The Tao Teh King: A Short Study in Comparative Religion, by C. Spurgeon Medhurst, [1905], at sacred-texts.com
The comprehensiveness of supreme energy is its conformity to the Tao. 1
The Tao considered as an entity is impalpable, indefinite. Indefinite, impalpable, within are conceptions. Impalpable, indefinite, within are shapes. 2 Profound, obscure, within is the essence. This essence being supremely real, within is sincerity.
From the beginning until now it has not changed, 3 and thus it has watched all the essentials. How do I know it has been thus with all principles? By what has just been said.
39:1 See ch. 38.
39:2 "The cosmos is all-formed—not having forms external to itself, but changing them itself within itself. Since, then, cosmos is made to be all-formed, what may its maker bet For that, on the one hand, He should not be void of all form; and, on the other hand, if He's all-formed, He will be like the cosmos.
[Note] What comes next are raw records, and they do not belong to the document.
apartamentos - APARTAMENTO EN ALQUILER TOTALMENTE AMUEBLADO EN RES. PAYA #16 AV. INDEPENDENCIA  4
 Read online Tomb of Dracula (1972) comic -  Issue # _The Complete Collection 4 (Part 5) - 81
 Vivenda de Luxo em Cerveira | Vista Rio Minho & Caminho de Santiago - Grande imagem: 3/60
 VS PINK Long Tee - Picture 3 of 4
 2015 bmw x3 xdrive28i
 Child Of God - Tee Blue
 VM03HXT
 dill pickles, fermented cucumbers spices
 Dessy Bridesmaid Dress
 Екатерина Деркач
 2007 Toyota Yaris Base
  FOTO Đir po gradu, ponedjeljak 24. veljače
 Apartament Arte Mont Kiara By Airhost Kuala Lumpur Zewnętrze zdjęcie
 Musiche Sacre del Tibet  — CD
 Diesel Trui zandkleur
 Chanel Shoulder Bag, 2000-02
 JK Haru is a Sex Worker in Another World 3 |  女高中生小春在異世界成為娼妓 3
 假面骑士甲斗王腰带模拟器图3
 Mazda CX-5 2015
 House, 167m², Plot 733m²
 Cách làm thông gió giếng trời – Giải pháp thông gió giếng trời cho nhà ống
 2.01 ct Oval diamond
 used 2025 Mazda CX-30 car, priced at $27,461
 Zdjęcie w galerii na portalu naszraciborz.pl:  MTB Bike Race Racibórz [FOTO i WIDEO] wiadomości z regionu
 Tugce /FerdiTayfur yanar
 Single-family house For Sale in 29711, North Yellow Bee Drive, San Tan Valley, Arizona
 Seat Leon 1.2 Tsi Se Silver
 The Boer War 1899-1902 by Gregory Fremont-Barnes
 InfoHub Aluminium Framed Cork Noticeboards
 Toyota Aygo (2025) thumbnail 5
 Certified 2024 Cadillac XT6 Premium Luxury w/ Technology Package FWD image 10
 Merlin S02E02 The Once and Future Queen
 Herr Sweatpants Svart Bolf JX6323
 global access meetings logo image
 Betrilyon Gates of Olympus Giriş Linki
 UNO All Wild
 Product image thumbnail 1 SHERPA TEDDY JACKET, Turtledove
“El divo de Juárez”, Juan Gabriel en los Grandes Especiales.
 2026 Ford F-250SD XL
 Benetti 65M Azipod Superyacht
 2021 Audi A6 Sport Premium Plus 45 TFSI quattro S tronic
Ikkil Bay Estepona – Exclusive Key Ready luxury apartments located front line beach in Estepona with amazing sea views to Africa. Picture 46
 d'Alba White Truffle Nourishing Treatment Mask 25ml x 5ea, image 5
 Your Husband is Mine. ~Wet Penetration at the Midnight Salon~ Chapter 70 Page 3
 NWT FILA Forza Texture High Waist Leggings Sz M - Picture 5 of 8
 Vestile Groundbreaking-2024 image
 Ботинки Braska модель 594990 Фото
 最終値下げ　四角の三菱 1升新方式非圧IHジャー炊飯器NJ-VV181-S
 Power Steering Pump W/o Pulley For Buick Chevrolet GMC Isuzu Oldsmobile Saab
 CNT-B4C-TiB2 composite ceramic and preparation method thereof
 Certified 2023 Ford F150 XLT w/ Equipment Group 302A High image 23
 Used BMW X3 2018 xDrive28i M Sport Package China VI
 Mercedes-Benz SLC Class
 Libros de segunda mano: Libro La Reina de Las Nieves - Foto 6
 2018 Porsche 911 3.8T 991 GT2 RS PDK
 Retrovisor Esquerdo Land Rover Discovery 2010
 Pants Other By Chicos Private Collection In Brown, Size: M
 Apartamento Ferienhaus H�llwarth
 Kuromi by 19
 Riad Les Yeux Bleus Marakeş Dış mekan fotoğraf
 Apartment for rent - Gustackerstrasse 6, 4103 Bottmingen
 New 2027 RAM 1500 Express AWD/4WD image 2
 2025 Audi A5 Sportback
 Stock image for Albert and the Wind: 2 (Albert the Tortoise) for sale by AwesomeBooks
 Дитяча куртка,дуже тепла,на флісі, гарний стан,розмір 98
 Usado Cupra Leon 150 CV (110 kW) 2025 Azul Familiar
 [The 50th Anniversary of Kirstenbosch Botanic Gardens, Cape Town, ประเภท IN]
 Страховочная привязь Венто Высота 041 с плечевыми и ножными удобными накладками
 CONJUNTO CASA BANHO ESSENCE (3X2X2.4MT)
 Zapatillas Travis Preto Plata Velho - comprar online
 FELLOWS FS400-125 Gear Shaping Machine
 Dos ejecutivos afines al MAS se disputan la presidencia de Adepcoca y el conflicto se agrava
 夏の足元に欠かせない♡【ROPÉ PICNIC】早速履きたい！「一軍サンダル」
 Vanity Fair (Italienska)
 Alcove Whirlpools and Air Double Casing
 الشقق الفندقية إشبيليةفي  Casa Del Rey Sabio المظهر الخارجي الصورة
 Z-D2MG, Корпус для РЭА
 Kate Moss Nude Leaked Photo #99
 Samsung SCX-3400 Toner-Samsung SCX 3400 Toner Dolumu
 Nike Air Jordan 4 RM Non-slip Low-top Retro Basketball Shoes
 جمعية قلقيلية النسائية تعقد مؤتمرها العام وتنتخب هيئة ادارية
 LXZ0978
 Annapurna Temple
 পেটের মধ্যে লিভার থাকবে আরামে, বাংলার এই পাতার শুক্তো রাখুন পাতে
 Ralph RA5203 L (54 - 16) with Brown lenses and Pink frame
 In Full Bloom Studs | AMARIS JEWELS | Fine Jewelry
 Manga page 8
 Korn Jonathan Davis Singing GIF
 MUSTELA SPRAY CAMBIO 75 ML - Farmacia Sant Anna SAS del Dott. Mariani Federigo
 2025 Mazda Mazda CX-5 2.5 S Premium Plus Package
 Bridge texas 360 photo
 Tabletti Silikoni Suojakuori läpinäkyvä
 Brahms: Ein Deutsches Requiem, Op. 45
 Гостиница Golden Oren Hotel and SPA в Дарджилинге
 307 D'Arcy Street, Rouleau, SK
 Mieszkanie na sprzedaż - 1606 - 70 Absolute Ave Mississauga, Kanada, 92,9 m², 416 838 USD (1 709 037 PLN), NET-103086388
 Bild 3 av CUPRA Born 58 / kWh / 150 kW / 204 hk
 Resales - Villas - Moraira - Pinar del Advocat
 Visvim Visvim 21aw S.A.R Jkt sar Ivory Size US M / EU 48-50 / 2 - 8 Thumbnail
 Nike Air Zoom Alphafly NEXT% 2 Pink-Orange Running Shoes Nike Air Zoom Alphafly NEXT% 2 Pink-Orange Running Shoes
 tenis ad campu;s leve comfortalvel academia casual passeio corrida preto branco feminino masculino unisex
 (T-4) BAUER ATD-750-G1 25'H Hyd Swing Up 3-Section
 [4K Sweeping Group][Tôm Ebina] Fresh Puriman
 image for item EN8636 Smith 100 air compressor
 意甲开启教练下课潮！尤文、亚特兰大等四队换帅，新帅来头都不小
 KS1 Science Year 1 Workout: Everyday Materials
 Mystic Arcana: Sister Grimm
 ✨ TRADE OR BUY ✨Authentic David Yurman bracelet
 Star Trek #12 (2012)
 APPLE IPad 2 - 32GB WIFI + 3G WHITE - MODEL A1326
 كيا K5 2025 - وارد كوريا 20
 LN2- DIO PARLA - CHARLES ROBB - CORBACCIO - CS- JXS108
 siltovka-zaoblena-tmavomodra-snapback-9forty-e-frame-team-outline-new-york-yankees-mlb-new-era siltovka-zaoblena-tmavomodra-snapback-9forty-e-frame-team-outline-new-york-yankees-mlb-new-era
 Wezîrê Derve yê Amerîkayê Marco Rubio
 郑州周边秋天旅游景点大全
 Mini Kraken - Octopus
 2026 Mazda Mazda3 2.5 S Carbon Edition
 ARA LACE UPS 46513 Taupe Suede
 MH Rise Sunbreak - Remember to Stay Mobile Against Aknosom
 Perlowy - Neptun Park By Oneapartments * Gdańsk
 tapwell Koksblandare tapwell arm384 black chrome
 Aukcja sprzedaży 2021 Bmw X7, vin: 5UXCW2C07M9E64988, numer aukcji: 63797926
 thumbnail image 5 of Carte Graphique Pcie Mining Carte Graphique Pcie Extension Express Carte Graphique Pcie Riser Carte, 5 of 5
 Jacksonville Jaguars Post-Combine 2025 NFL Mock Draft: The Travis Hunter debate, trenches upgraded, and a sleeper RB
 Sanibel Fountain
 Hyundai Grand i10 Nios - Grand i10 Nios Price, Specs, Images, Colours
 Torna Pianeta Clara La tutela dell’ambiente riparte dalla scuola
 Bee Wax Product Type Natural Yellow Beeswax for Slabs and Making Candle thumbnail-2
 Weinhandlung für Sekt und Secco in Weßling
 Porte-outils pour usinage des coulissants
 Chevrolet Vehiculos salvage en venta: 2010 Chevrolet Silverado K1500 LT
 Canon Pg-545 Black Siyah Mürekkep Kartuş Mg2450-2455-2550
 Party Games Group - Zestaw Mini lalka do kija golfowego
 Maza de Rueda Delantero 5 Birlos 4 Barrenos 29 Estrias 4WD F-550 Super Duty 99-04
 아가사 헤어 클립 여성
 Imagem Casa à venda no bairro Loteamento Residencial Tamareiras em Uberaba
Whereas, again, has He a single form, He will thereby be less than cosmos. What, then, say we He is?—that we may not bring our sermon into doubt; for naught that mind conceives of God is doubtful. He, then, hath one idea, which is His own alone, which doth not fall beneath the sight, being bodiless, and (yet) by means of bodies manifesteth all (ideas). And marvel not that there's a bodiless idea." The mind to Hermes, by G. R. S. Mead, in The Theosophical Review, vol. xxxiii., p. 52.
39:3 Lit.—"Its Name has not departed." Noumenally the Tao is eternal and unchanging; phenomenally It has a beginning and consequently an end.